LLVM Error when compiling C++ STD parallel execution policies to GPU

Hello everyone,

I am trying to compile a C++ code with execution policies to Nvidia GPU. However, I am getting the following error:

main:
    141, stdpar: Generating NVIDIA GPU code
        141, std::transform_reduce with std::execution::par policy parallelized on GPU
__gnu_cxx::__enable_if<std::__is_scalar<int>::__value, void>::__type std::__fill_a1<int*, int>(int*, int*, int const&):
    930, Recognized memory set idiom
__gnu_cxx::__enable_if<std::__is_scalar<double>::__value, void>::__type std::__fill_a1<double*, double>(double*, double*, double const&):
    930, Recognized memory set idiom
Intrinsic has incorrect return type!
%struct.DT1_256705 (i64, i64)* @llvm.umul.with.overflow.i64
Intrinsic has incorrect return type!
%struct.DT1_256705 (i64, i64)* @llvm.umul.with.overflow.i64
NVC++-F-0155-Compiler failed to translate accelerator region (see -Minfo messages): Device compiler exited with error status code (ep.cpp: 659)
NVC++/x86-64 Linux 24.3-0: compilation aborted

This code correctly compiles and executes on g++.

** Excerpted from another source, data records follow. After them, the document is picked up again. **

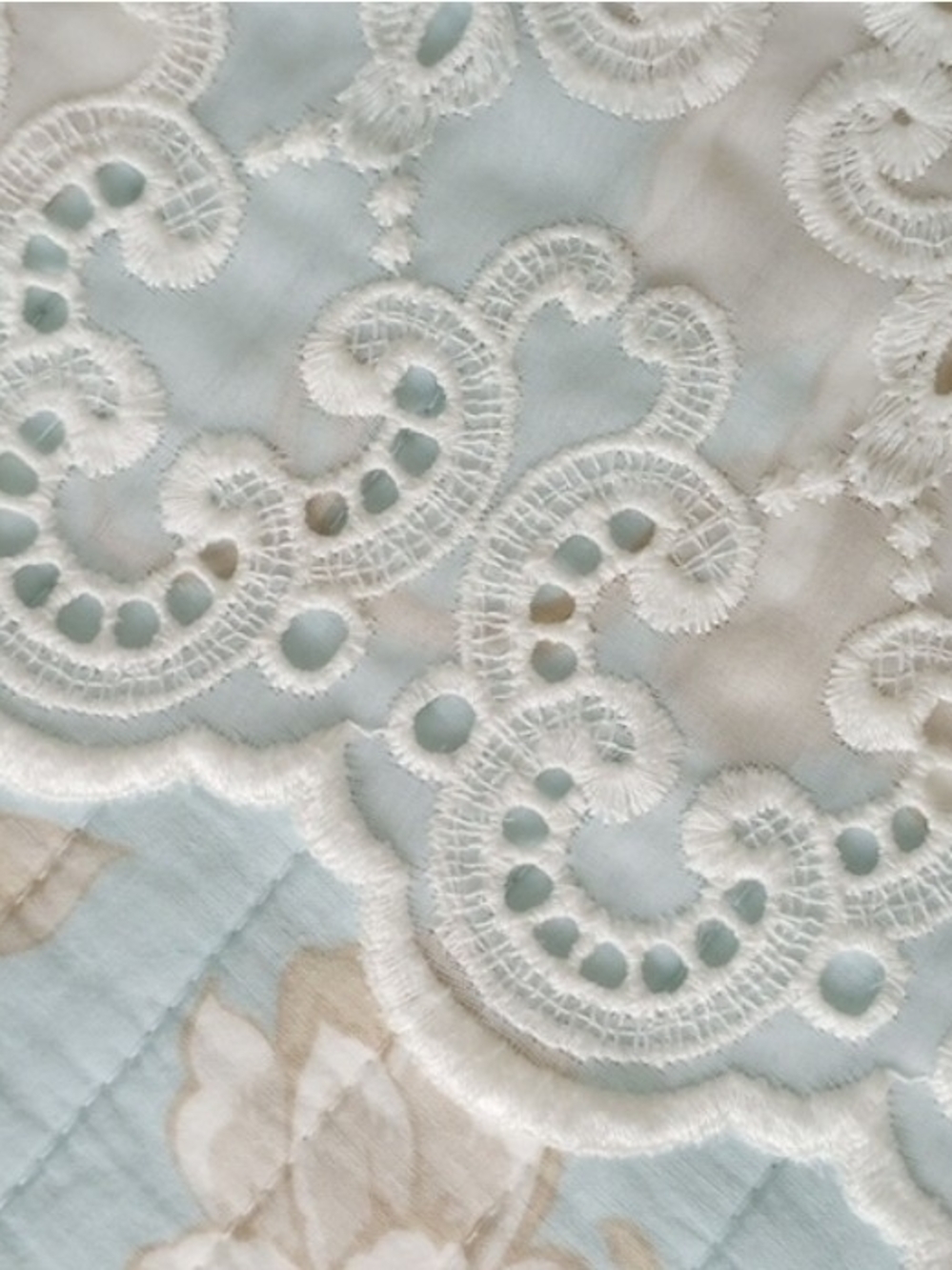 Ivory-White Lace Eyelet 167" Wide / 83" Long Sheer Curtain Panel - Picture 4 of 13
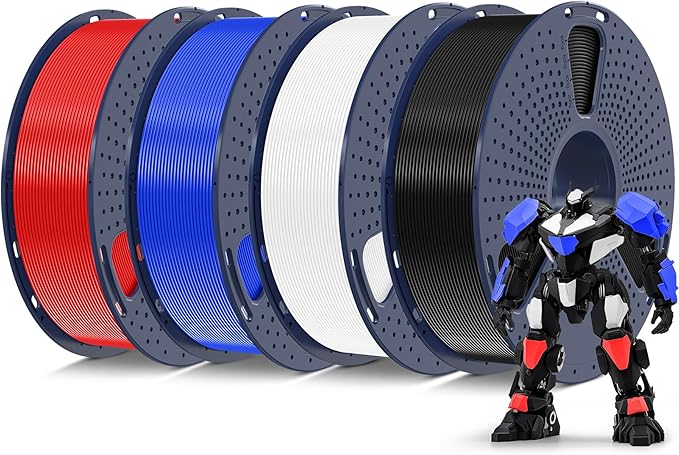SUNLU PETG Filament 1.75mm 4KG Bundle, Less Stringing and Good Layer Adhesion, Individually Vacuum Packed, 3D Printer Filament 4kg, 1kg per Spool, Pack of 4, 4 Colors, Black+White+Blue+Red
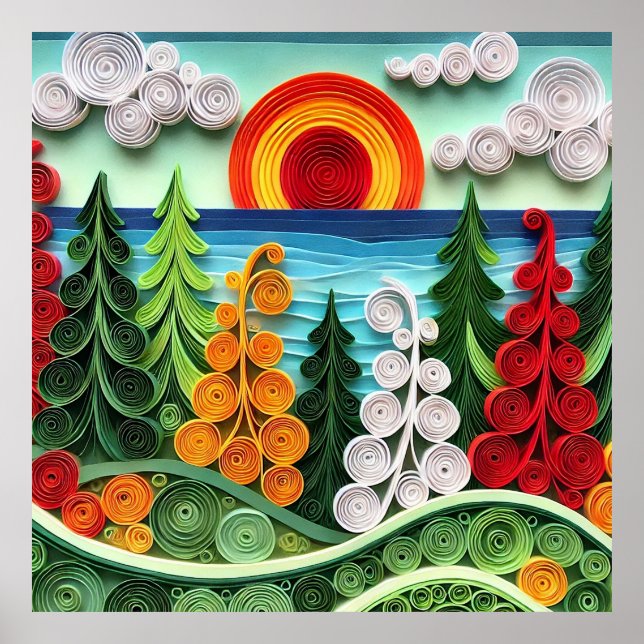 Vibrant Paper Quilling Art Displaying Colourful Fo Poster (Front)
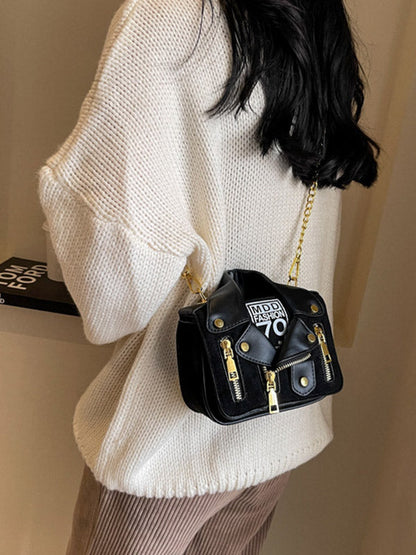 Chains Geometric Zipper Bags Crossbody Bags Handbags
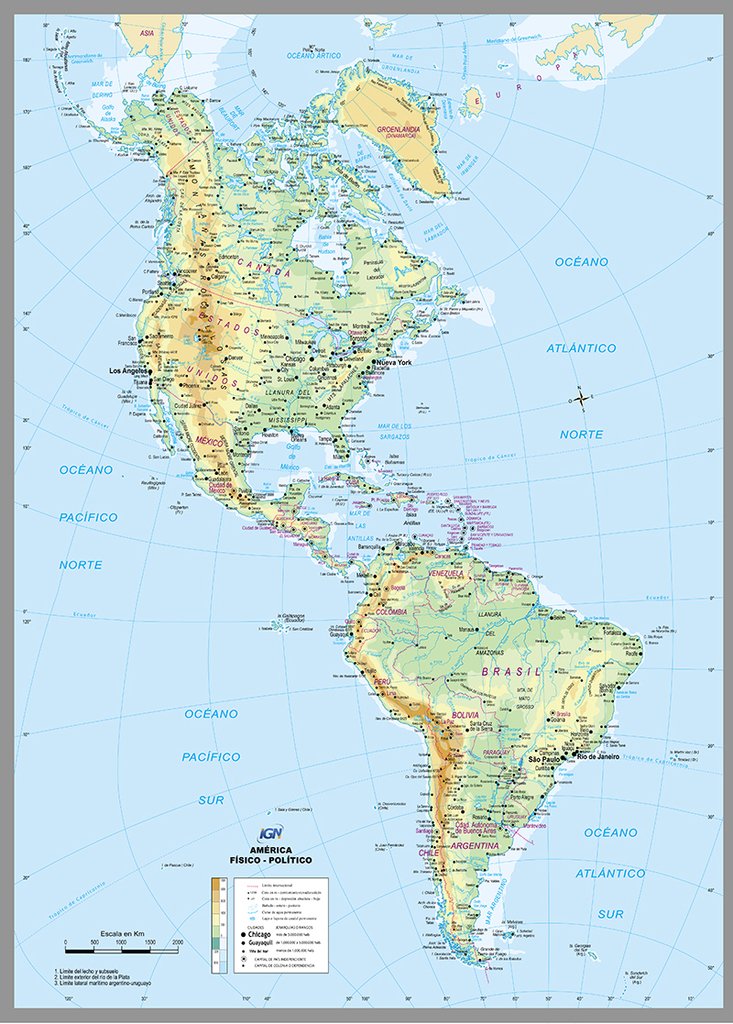 Mapa Mural Fisico Politico De America 0 95×1 30mts Continente Americano R388274 1 Ramirez Y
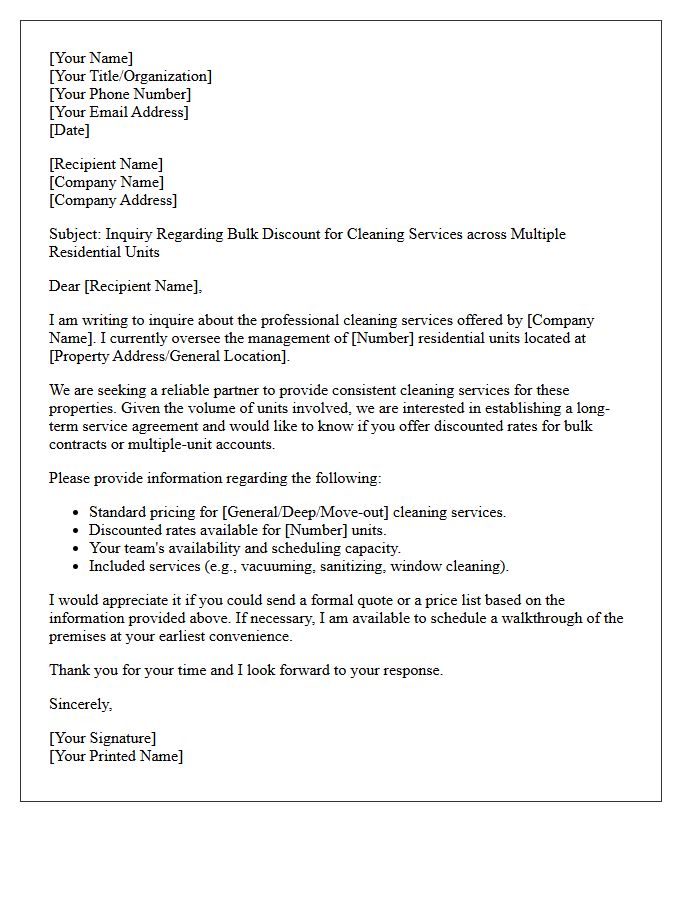 Inquiry Letter for Discounted Cleaning Services Across Multiple Residential Units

Would appreciate any help I can get.

nvc++ version 24.3-0, CUDA 12.4, g++ 13.1

Hi renatowbhf,

Can you post a reproducing example?

It’s a somewhat generic error so can quite tell if it’s compiler issue or some incompatibility with the g++ 13.1 STL. Having a reproducer will help determine the issue and I can then file a report if it’s a compiler issue.

Thanks,
Mat

1 Like

Hello MatColgrove,

I am attaching PROBLEM.zip containing the necessary code to reproduce the error from this post.

PROBLEM.zip (32.0 KB)

There is a simple Makefile, in which gpp rule works fine while nvidia (nvc++) doesn’t.

Thanks,
Renato

Thanks Renato. Though for good or bad, I’m not able to reproduce the error on my system. While I see linker errors due to missing device routines, the compilation is fine.

What type of system are you using? What OS? Is your GNU 13.1 the system compiler or something you installed?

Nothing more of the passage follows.